To do –
Copy out exactly, from the entries that follow, the line holding "Bobbi Brown Lip Color Buy", the line holding "Kaya sumi topiaの物件内観写真", and all lines between them, but no pictures.

Supplied material –
━━━━━━━━━━

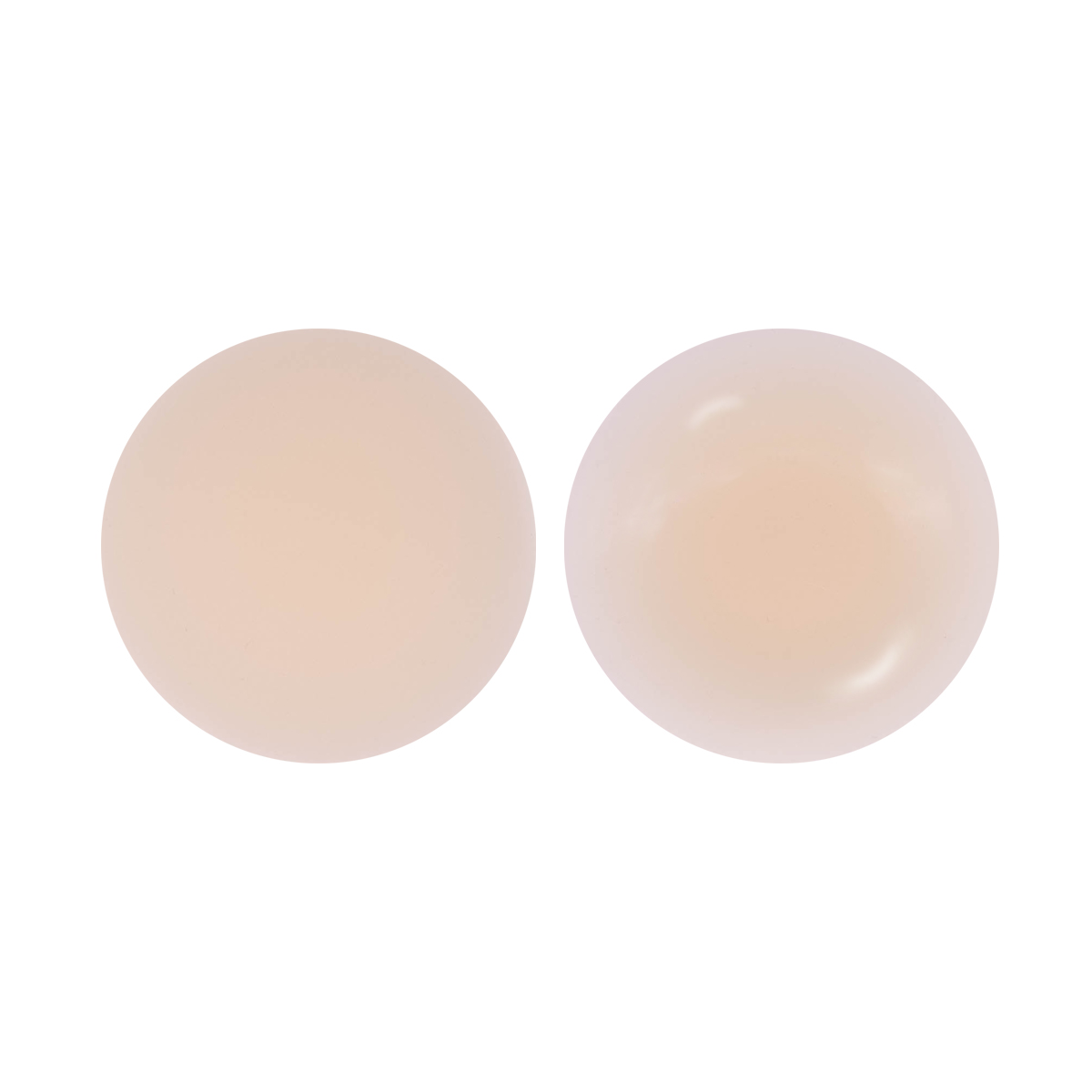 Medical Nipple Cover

━━━━━━━━━━

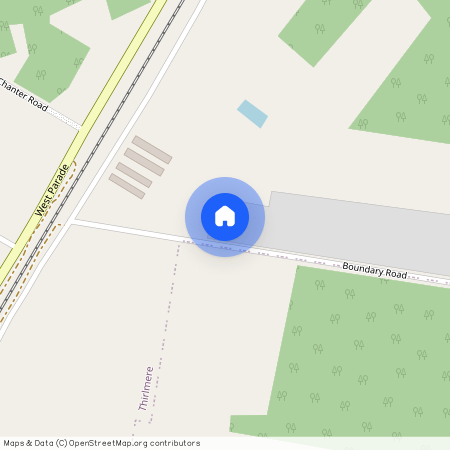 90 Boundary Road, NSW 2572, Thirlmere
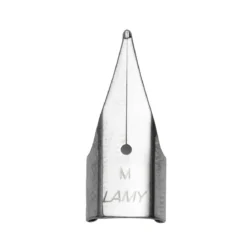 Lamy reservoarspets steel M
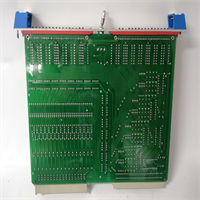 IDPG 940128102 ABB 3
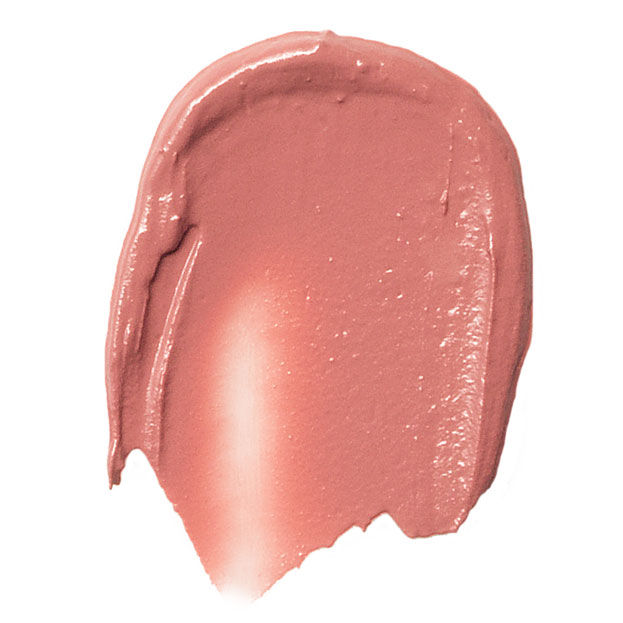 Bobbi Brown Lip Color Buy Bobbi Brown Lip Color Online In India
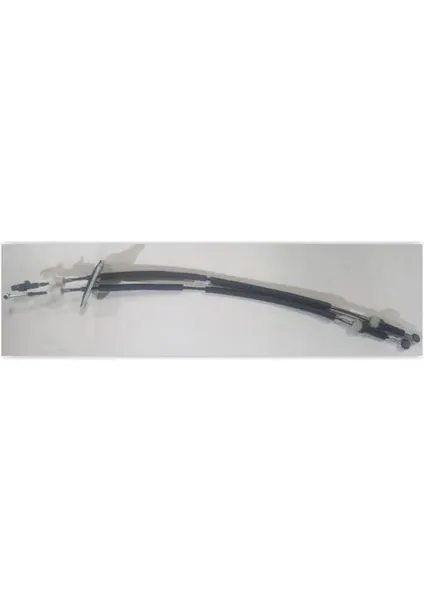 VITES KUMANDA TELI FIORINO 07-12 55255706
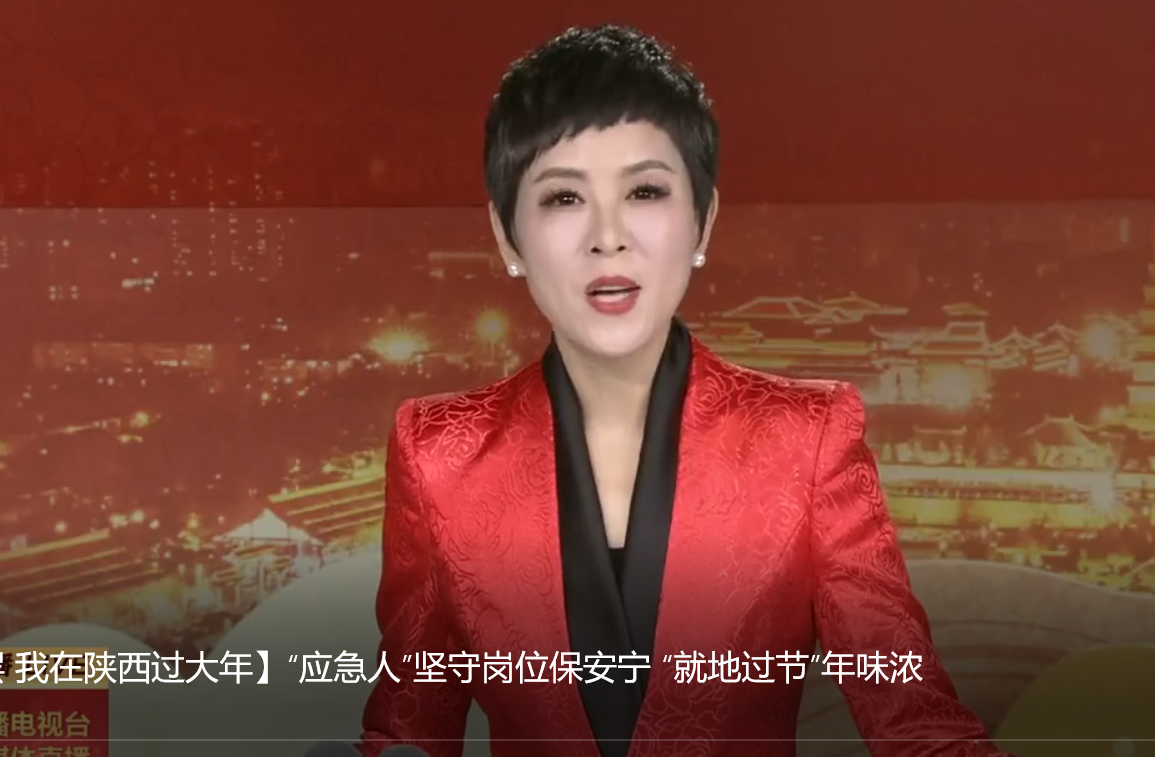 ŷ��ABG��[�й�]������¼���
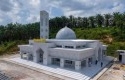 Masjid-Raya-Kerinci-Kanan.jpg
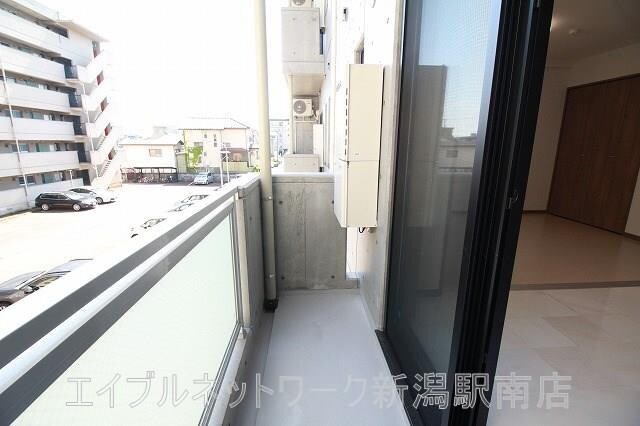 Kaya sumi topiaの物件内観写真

━━━━━━━━━━

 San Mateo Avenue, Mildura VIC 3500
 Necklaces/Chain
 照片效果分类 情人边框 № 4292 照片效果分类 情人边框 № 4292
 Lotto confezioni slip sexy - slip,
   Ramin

━━━━━━━━━━

Finished exercise –
 Bobbi Brown Lip Color Buy Bobbi Brown Lip Color Online In India
 VITES KUMANDA TELI FIORINO 07-12 55255706
 ŷ��ABG��[�й�]������¼���
 Masjid-Raya-Kerinci-Kanan.jpg
 Kaya sumi topiaの物件内観写真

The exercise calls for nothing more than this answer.